One fought as a general in the Confederate Army. The other, a century later, sought to undo the ramifications of slavery and Jim Crow laws — inequality, poverty, lack of education, to name a few.
So she puzzled over a question when, as a child, she traveled with her family from their Torrance home to visit family in Arkansas for summer and winter vacations: Why did the state honor both Robert E. Lee and the Rev. Martin Luther King Jr.?
In a joint holiday. On the same day.
“It was just wrong, and as I got older — learned more about history — it was even more wrong to me,” says Flowers, now 47 and a Democratic state representative and chairwoman of Arkansas’ Legislative Black Caucus. “This was totally wrong and not right.”
Now, the state is set to sever this awkward link.
This month, state lawmakers passed a measure removing Lee from the January state holiday honoring King, the civil rights leader assassinated in 1968.
Republican Gov. Asa Hutchinson, who took the unusual step of testifying on the law’s behalf before the Legislature, says he’ll sign it.
Like many Southern states marred by the legacy of slavery and racial segregation, Arkansas has had to balance preserving history with not offending its residents.

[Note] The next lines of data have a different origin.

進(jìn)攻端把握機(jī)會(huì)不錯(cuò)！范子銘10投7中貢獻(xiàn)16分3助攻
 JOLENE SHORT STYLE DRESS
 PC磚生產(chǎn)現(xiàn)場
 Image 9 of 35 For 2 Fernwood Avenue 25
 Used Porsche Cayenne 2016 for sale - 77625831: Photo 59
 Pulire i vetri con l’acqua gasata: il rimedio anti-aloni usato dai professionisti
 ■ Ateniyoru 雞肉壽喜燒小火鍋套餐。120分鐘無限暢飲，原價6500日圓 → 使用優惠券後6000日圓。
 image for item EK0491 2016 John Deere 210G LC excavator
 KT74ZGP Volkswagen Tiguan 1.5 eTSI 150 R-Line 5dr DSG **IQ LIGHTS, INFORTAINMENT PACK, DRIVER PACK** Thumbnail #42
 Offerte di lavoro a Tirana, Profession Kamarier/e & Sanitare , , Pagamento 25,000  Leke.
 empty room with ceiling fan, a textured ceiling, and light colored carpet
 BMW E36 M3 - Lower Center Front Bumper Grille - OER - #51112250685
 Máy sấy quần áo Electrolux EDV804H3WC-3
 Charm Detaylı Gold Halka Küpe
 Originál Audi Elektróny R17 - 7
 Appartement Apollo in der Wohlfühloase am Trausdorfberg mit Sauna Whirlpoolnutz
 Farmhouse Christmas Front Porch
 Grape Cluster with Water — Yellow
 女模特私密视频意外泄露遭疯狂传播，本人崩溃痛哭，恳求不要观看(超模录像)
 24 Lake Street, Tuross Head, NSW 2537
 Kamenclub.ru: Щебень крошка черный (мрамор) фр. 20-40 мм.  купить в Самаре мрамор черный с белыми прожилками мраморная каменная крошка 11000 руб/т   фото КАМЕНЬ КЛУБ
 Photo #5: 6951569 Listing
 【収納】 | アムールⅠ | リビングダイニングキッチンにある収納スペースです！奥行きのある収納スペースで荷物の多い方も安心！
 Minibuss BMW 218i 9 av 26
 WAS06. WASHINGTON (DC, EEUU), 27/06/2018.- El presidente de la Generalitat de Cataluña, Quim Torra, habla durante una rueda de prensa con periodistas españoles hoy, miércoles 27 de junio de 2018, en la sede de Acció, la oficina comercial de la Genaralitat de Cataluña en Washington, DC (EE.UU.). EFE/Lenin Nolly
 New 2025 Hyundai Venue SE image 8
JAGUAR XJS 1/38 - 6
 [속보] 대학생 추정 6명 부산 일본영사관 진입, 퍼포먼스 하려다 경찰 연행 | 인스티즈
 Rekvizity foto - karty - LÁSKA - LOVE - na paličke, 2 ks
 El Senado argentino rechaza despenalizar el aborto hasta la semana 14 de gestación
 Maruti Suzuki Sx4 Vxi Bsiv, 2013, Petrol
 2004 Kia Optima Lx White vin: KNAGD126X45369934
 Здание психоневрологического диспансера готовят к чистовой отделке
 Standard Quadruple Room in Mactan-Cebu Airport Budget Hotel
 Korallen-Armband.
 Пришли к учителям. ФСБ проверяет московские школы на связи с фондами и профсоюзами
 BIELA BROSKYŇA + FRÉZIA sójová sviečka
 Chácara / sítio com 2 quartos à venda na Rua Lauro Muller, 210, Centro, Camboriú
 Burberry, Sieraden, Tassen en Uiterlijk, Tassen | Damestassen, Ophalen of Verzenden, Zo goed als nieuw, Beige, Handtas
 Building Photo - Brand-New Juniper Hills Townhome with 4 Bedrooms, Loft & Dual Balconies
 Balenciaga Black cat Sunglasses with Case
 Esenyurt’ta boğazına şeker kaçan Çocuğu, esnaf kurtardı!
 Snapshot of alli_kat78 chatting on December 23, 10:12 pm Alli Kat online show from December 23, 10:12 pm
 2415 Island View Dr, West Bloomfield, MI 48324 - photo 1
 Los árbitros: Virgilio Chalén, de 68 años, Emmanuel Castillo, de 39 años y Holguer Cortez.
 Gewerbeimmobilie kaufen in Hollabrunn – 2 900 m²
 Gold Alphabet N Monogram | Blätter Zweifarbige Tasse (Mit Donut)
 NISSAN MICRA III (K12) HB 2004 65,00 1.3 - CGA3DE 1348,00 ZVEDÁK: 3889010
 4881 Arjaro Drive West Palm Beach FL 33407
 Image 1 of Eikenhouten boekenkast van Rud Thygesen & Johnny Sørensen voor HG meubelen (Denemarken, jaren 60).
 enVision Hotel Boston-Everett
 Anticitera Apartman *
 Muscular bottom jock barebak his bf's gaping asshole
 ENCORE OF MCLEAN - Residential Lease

In 1947, after similar efforts in other Southern states, Arkansas passed a law creating a January holiday honoring Lee’s birthday. The vote was, in part, an effort to push back against talk of desegregation and ending Jim Crow laws.
Decades later, in 1983, Congress passed a measure creating a federal holiday for King, also born in January. (Jesse Helms, the archconservative Republican senator from North Carolina, vigorously opposed the holiday and charged that King had collaborated with communists.)
At the time, Arkansas required state employees to choose which of the two days they wanted to take off as a holiday: King’s birthday on Jan. 15 or Lee’s birthday on Jan. 19.
Then in 1985, Arkansas lawmakers combined the holidays, to be observed on the third Monday in January. Alabama and Mississippi still celebrate both men on the same day.
State Sen. Dave Wallace, a Republican whose district is nearly 75% white and spans portions of Jonesboro, sponsored the legislation to end the dual holiday.
“My ancestors fought and died with the Confederacy,” he said Saturday. “And I believe, truly, it’s never been right.... You can see and hear it in the pain and voices of the black community.”
Wallace says that in recent weeks he has received hate mail from a few people labeling him a “traitor.” Two years ago, lawmakers tried to pass similar legislation, but it died in a committee.
“All we did was something that should have been done years ago,” he said. “Four or five years from now a small minority of people will still be talking about it.”
Indeed, some see the bill as an abandonment of the state’s past. Before the vote on the House floor, where the bill passed with a 66-11 vote Friday, a handful of lawmakers voiced their discontent.
We are taking Robert E. Lee and we are putting him in the basement and we’re acting like we’re embarrassed that he ever existed
“We are not separating Robert E. Lee and Martin Luther King,” Republican state Rep. Jana Della Rosa, who opposed the measure, told lawmakers. “We are taking Robert E. Lee and we are putting him in the basement and we’re acting like we’re embarrassed that he ever existed.”
Debate over how states and cities acknowledge their Confederate past has come to the forefront in recent years.
In 2015, following the mass shooting by an avowed white supremacist who killed nine black members of a Charleston, S.C., church, debate renewed over the state flying the Confederate battle flag at the Capitol. Lawmakers voted to remove the flag from the grounds.
In New Orleans that year, after calls from, among others, Mayor Mitch Landrieu and native son and jazz great Wynton Marsalis, the city opted to remove a public statute honoring Lee. The decision had been held up in federal court until this month when the 5th Circuit Court of Appeals unanimously cleared the way to remove the monument — along with other Civil War relics.
“This win … will allow us to begin to turn a page on our divisive past and chart the course for a more inclusive future,” Landrieu said in a statement earlier this month.
For some, the passage of the Arkansas legislation is a step in the right direction, but it did not go far enough.
While it ended the dual holiday, the bill sets aside the second Saturday in October to honor Lee with a memorial day, not a state holiday, marked by a gubernatorial proclamation. (The measure also mandates additional curriculum in Arkansas public schools be dedicated to the civil rights movement and the Civil War.)
Even the bill’s House sponsor, state Rep. Grant Hodges, a Republican from the northwest corner of the state, agrees it’s not perfect.
“This may not be the perfect solution … [but] it is a solution,” he said.
Flowers, who said Saturday that the bill’s passage was progress for the state, understands why some want to see the holiday remain in place.
“I get that there is a Confederate history here,” she said. But King and Lee, she added, “should not be celebrated together.”